I see that there’s a pretty good chance Cape is going to have a white Christmas. I haven’t gone back to see if my supposition is true, but it seems like Cape is getting more snow that when I was growing up in the 50s and 60s.
When the first possible hint of snow was in the news – remember, we didn’t have The Weather Channel back then – we were nose-glued to the window. We didn’t have a lot to go on: there was a weather map in the paper with some squiggly lines, a few radio newscasts and a morning and evening TV news program. We didn’t have satellite images and fancy computer models. (Here in Florida, we had one local radio talk show host who said his station had Dope-ler Radar. Some dope would amble over and look out the window to see if anything was falling out of the sky.)
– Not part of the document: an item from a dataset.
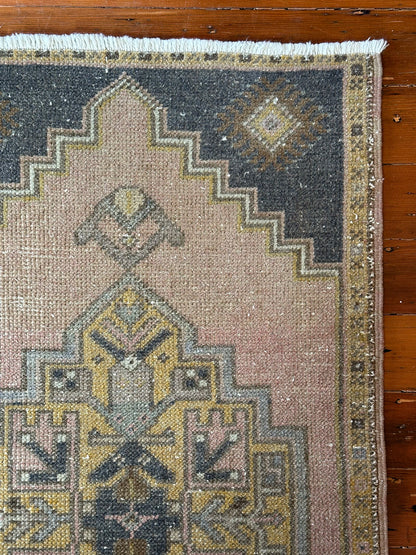 Vintage Turkish wool rug with a central geometric medallion in muted pink, gold, and dark charcoal tones, featuring stepped corner motifs and a distressed finish.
We kids were hoping that it would snow enough to close the schools. All night long, I’d creep into the living room and look up at the street light in front of the house to see if I could catch a hint of a snowflake. Unfortunately for us, it seemed like the snow always stopped somewhere around Perryville and school would be open. If there was a dusting of white heavier than dandruff on a black suit, we’d whine, “What are they trying to do, get us killed on the road?”
No children were harmed
When you look at the video of the snowball fight that produced this still frame, you might wonder how any of the Steinhoff children reached majority, but I assure you that no children were harmed in the making of this movie. I’m pretty sure that Mother exacted some kind of revenge on Dad, though.
Hacking a path to the wood pile
We had a wood fireplace in the basement that heated the room where we spent most of our time. The chimney flue went up the middle of the house, so the basement fire caused the wall between the kitchen and the living room to get toasty warm, helping the furnace stay ahead of the cold. Unfortunately, the wood pile was 75 feet from the basement door. We had to clear a path before we could bring in the wood.
Home movie of snows
Here are several clips of snows that were filmed at our house on Kingsway Drive near Kurre Lane. You can tell by the snow depth that they weren’t all taken at the same time, but I don’t have an exact date except after 1960. These were taken with an 8mm Bell & Howell movie camera, dubbed onto VHS tape and then converted to a digital format with an ION Audio VCR 2 PC USB VHS Video to Computer Converter.
Those white lines in some of the clips were scratches on the film made forty-plus years ago.
It’s Christmas Eve. I suspect that most of you will have better things to do over the next few days, so we’re going to slack off. Have a Merry Christmas and a Happy New Year if we don’t see you before then.